The United Nations has reported that by 2050, the world’s population will have surpassed 9.7 billion people.
High fertility rates in a number of countries have been named as the cause of the extra 2.4 billion people in just 35 years.
The countries include India, Nigeria, Pakistan, DR Congo, Ethiopia, Tanzania, USA, Indonesia and Uganda.
India is expected to surpass China as the world’s largest population with the next decade, while Nigeria is expected to have more people than the United States by 2050.
The UN predicts that the figure will rise to 11.2 billion people by 2100.
John Wilmoth, director of the population division in the UN’s department of economic and social affairs, said that high fertility in some of world’s poorest countries could bring problems.

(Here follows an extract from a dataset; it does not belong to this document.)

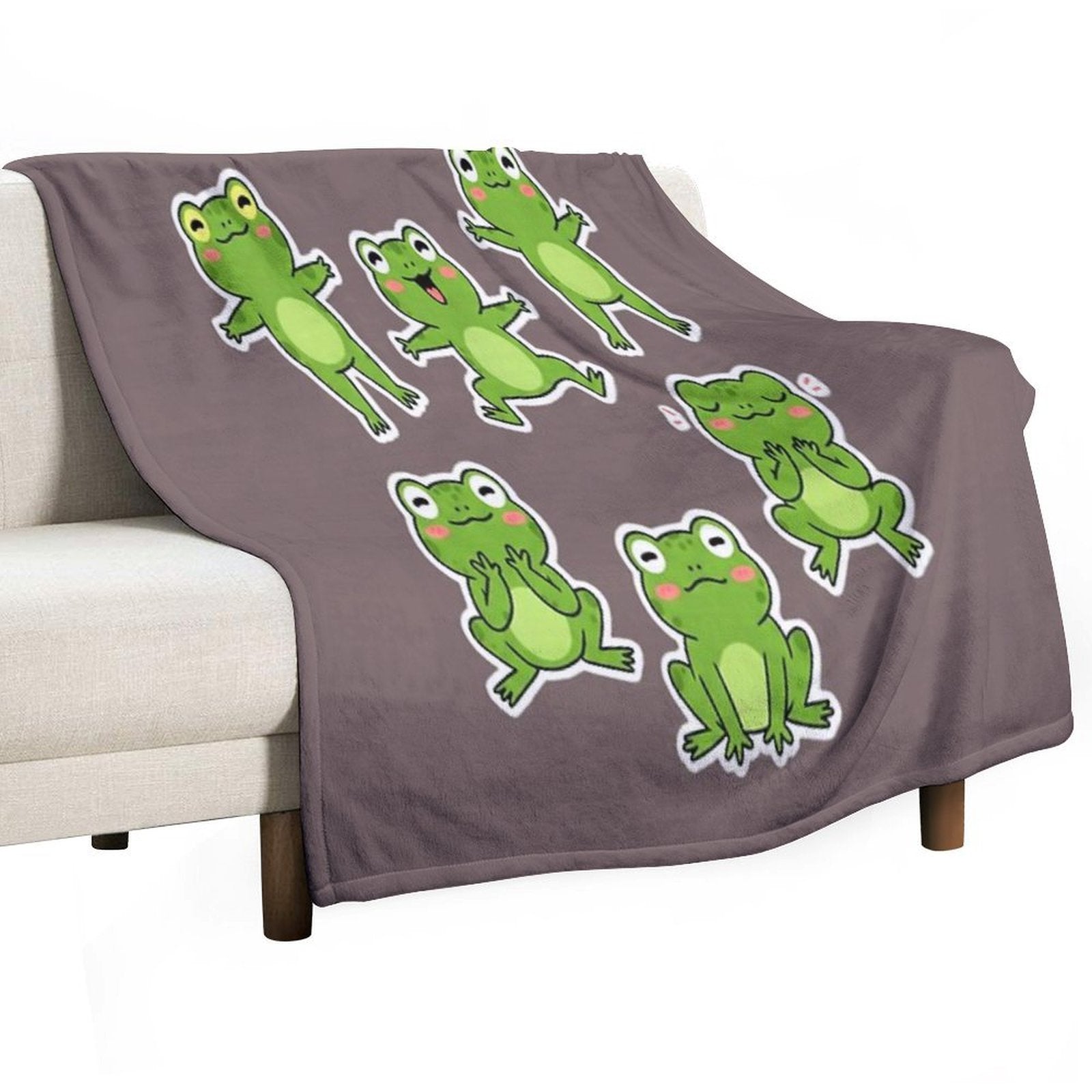 Dancing Frog Frog, Frogs, Dancing, Dance, Dancer, Music, Meme, Musician, Band, Rock, Metal, Vintage, Retro Travel-friendly Throw Blanket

“The concentration of population growth in the poorest countries presents its own set of challenges, making it more difficult to eradicate poverty and inequality, to combat hunger and malnutrition, and to expand educational enrolment and health systems, all of which are crucial to the success of the new sustainable development agenda.”
Wu Hongbo, UN under-secretary-general for economic and social affairs, explained the importance of the report.
She said: “Understanding the demographic changes that are likely to unfold over the coming years, as well as the challenges and opportunities that they present for achieving sustainable development, is key to the design and implementation of the new development agenda.”